We know that the NFL would love to copy the Premiership’s global dominance—would love, in other words, to carve out a place beside Manchester United and/or Chelsea in the heart of every free-spending fanboy in Asia and upwardly mobile African urbanite. And we know that a number of NFL owners recognize the financial potential (and restful lack of regulation and oversight) that can be theirs if they buy an English club. For the Premier League’s part, a gargantuan commercial enterprise already adept at staging full competitive games outside its home market, with a tight salary cap and no bothersome relegation structure, must look attractive indeed.

James reveals that connection runs deeper than the boardrooms and nocturnal visions of worldwide success shared by the leagues’ executive classes.
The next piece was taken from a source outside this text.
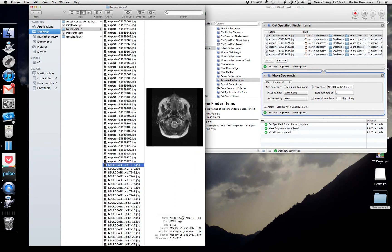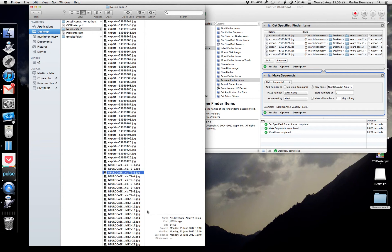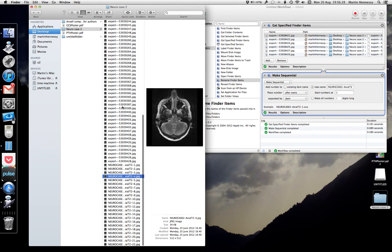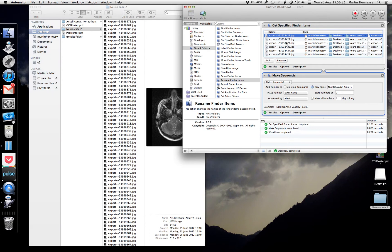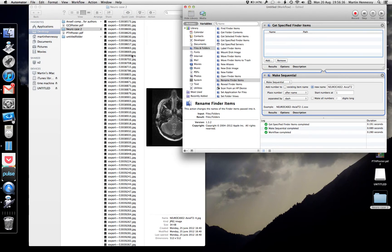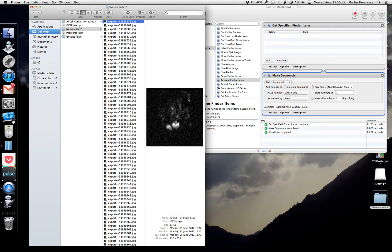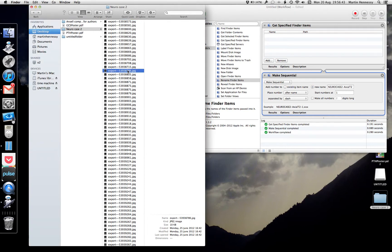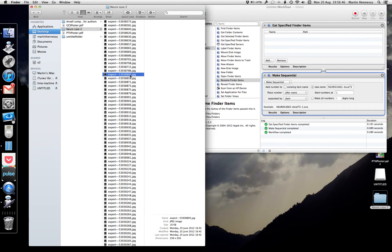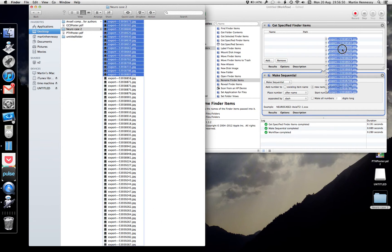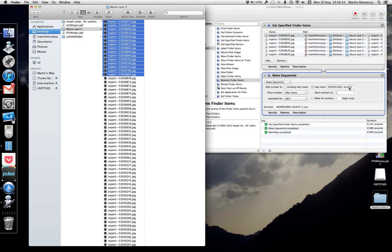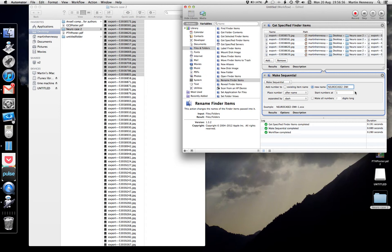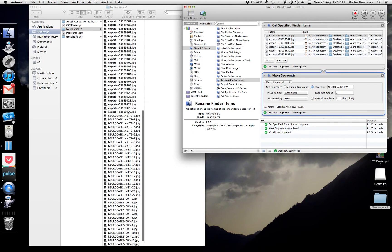It now displays the full name — neurocase axial t2, slice 1, 2, 3, 4 — good. I need to do that for all five series, so I'll do the rest a bit quicker. Command-A to select all and remove them. This next group looks like the diffusion series, and it goes up to 805. I don't know whether these are b-naughts or whatever — we'll just label it DWI. I know there's only one diffusion sequence, so I've dragged them all in in order and changed the name to 'neurocase DWI'.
Players, coaches and front office personnel are traveling back and forth (mostly, sounds like, from there to here) to pick up training techniques and organizational insight. James sounds immensely jealous of the NFL’s facilities, specialization and technical infrastructure:

The trip made a huge impression on me and I was shocked by the attention to detail. Each club we went to had an array of coaches for specific skill sets, there were multiple video analysis suites and superb training facilities. John Terry and I were talking about it the other week and he couldn’t believe they had full-size indoor training pitches. Of course clubs in the Premier League could easily afford those kind of facilities but we seem to have different priorities for spending.
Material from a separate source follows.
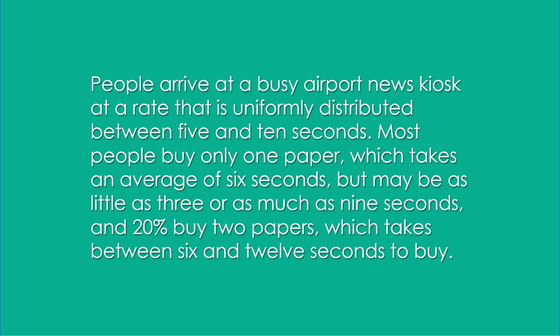People arrive at a busy airport news kiosk at a rate that is uniformly distributed between 5 and 10 seconds. Most people buy only one paper which takes an average of 6 seconds but may be as little as 3 or as much as 9 seconds. And 20% buy 2 papers which takes between 6 and 12 seconds to buy.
The video suites were particularly impressive. Over there teams spend time reviewing footage every day to study offensive and defensive play and specialist roles. I had the privilege of sitting in on a quarterbacks session with the then-Seattle Seahawks coach Jim Zorn and, even though it was the close season, every move on the training ground was captured on film.

Some NFL fans and commentators have complained about the league’s London games, but they can count on being ignored. In a globalized and fluid sports world, no league or sport exists in a vacuum. It would be highly ironic if the next wave of quality Premier League players found themselves shaped as much by the exportable know-how of the American gridiron as the homegrown tradition of English football.